1. AA e outros intentaram ação declarativa de condenação, com processo comum, contra INSTITUTO DO EMPREGO E FORMAÇÃO PROFISSIONAL, I.P., pedindo, nomeadamente, que os autores sejam reconhecidos e declarados como trabalhadores do réu durante os períodos em que trabalharam para o mesmo, com todas as consequências legais inerentes.

2. Na 1ª instância, foi proferido despacho saneador, a julgar procedente a exceção dilatória de incompetência material do tribunal de trabalho e, consequentemente, a absolver o R. da Instância (por se ter entendido que a competência cabe aos Tribunais Administrativos).

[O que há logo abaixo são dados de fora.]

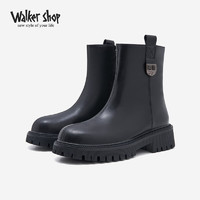 Walker Shop 奥卡索 女靴2023秋冬瘦瘦靴女士休闲粗跟短靴子女M135715 黑色 38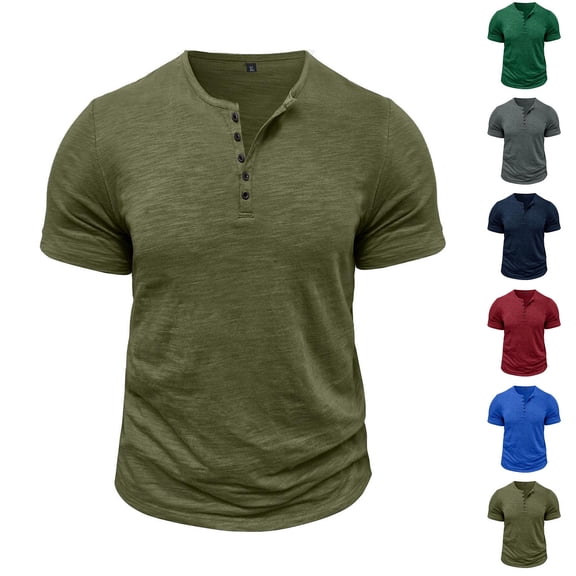 DPTALR Men's Solid Color Casual Round Neck Short Sleeve T-shirt,Blue, XXXL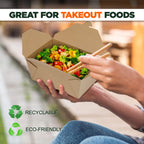 48 oz To Go Boxes, Paper Take Out Containers, Lunch Meal Food Boxes Disposable, Microwave Safe, Leak Grease Resistant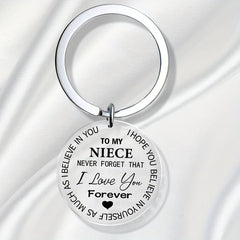 Believe Engraved Keychain for Niece - Graduation Gift - Handbag Accessory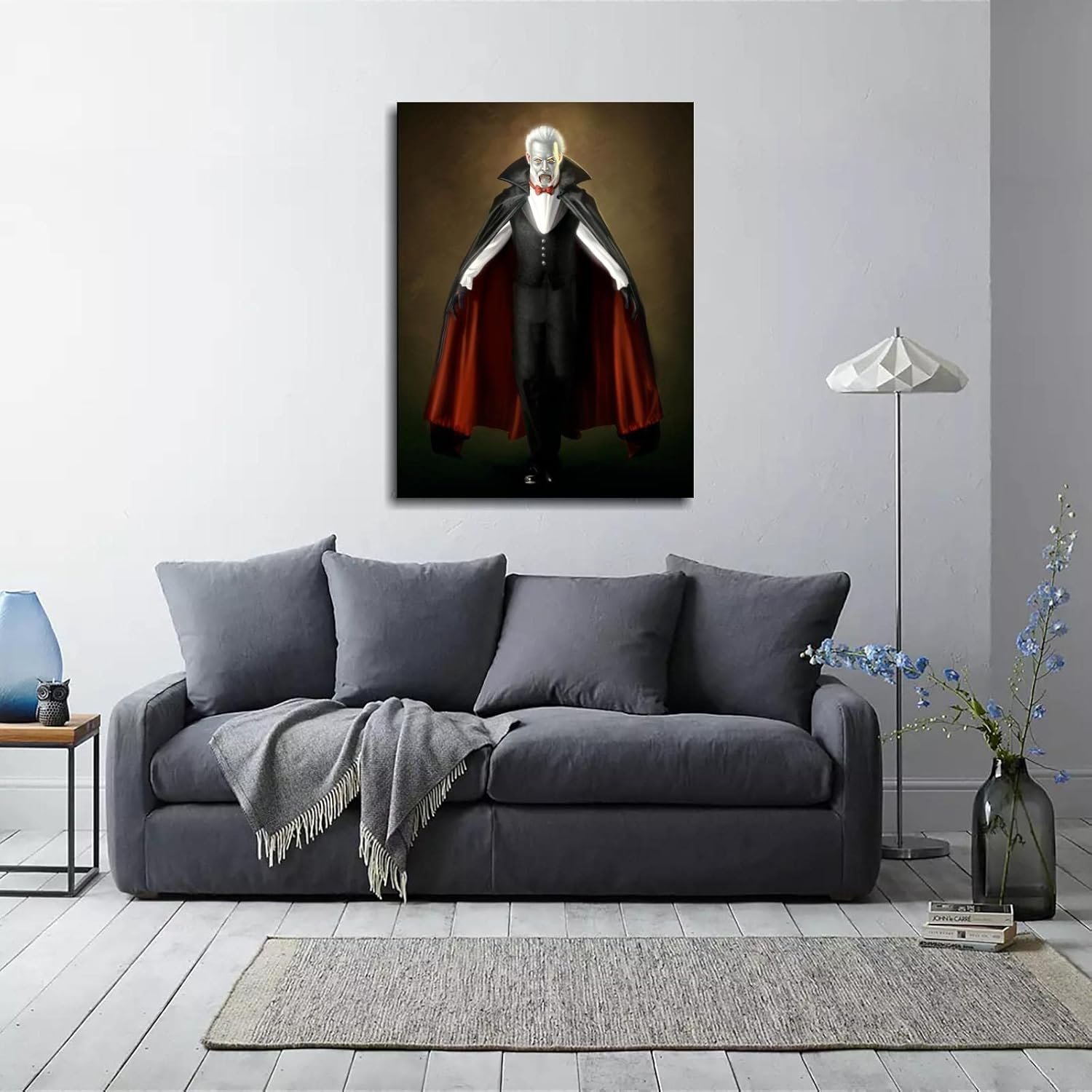 CLEARCONNECT Count Vampire Canvas Prints Terror Vampire Poster Poster Wall Art For Home Office Corridor Decorations Unframed 32"x24"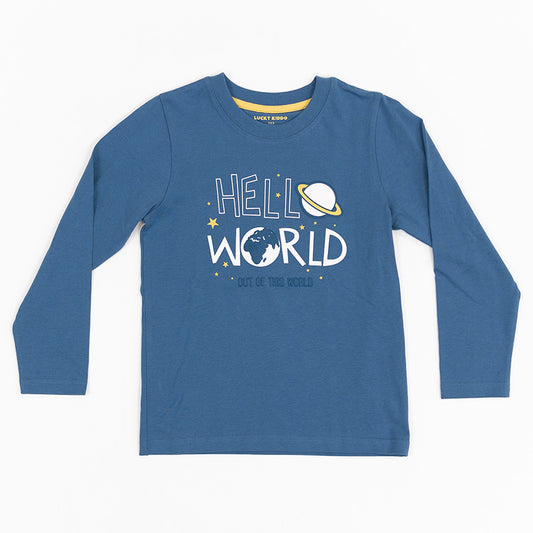 Hello World | Chlapčenské tričko s dlhým rukávom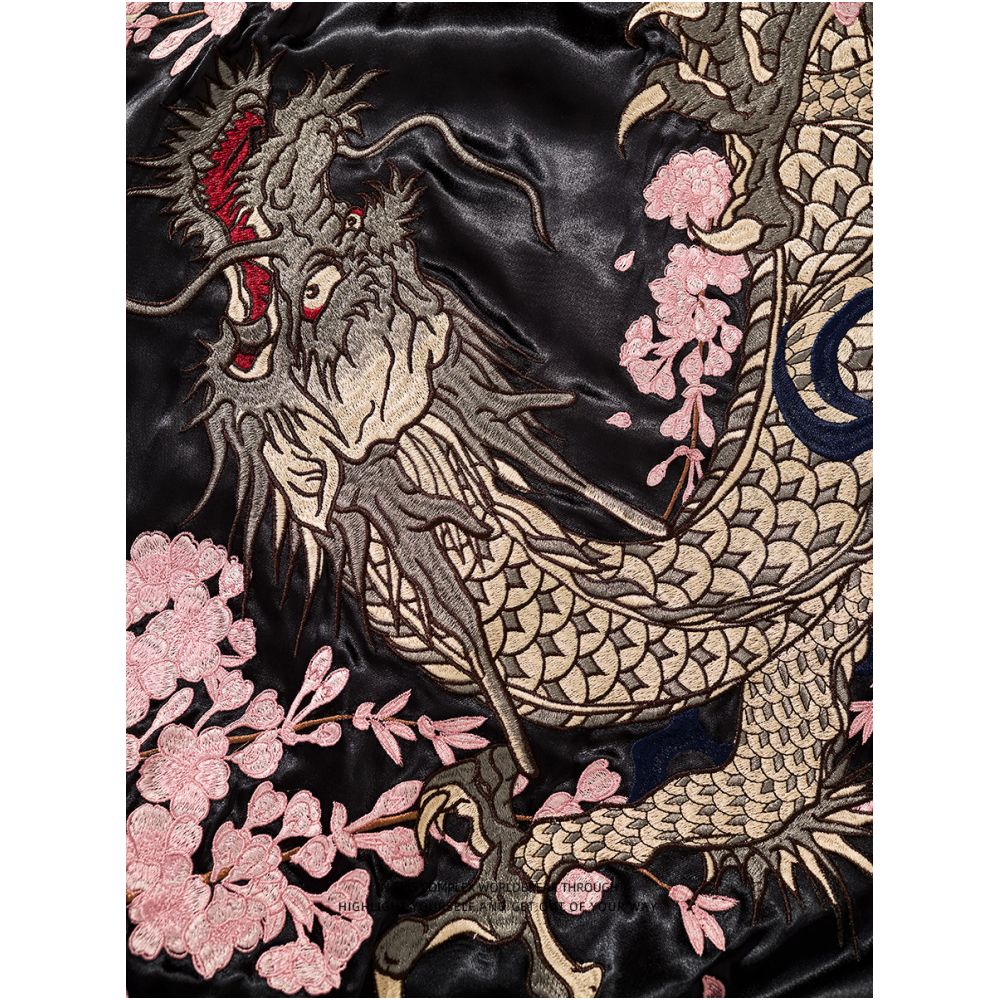 SUKAJAN Dragon Cherry Blossom Embroidered Jacket Trendy Brand Personalized Men and Women Yokosuka Sika will wear satin double sided jacket image 2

3. Os autores apelaram, tendo o Tribunal da Relação de Guimarães, julgando o recurso procedente, revogado a decisão recorrida e declarado a competência em razão da matéria do juízo do trabalho, mais determinando o prosseguimento dos autos.

4. Inconformado, interpôs o R. a presente revista, dizendo, em síntese, nas conclusões da sua alegação:

- O Acórdão recorrido, errando na lei processual aplicável, qualificou incorretamente o feixe de relações jurídicas existentes entre o Recorrente e cada um dos Recorridos previamente à sua integração no mapa de pessoal do Recorrente, através do PREVPAP, não aplicando o artigo 12.º da LTFP, a alínea e) do n.º 1 e a alínea b) do n.º 4 (esta última a contrario sensu), ambas do artigo 4.º do Estatuto dos Tribunais Administrativos e Fiscais) e, em consequência, desconsiderando os artigos 1.º, 3.º, 6.º e 10.º, todos da citada LTFP, a alínea f) do artigo 18.º da Lei n.º 59/2008, de 11 de setembro, que então aprovou o Regime do Contrato de Trabalho em Funções Públicas, a alínea b) do n.º 1 do artigo 42.º da Lei n.º 35/2014, de 20 de junho (Lei preambular e o n.º 1 do artigo 2.º e o n.º 1 do artigo 14.º, ambos da lei n.º 112/2017, de 29 de dezembro, LPREVPAP.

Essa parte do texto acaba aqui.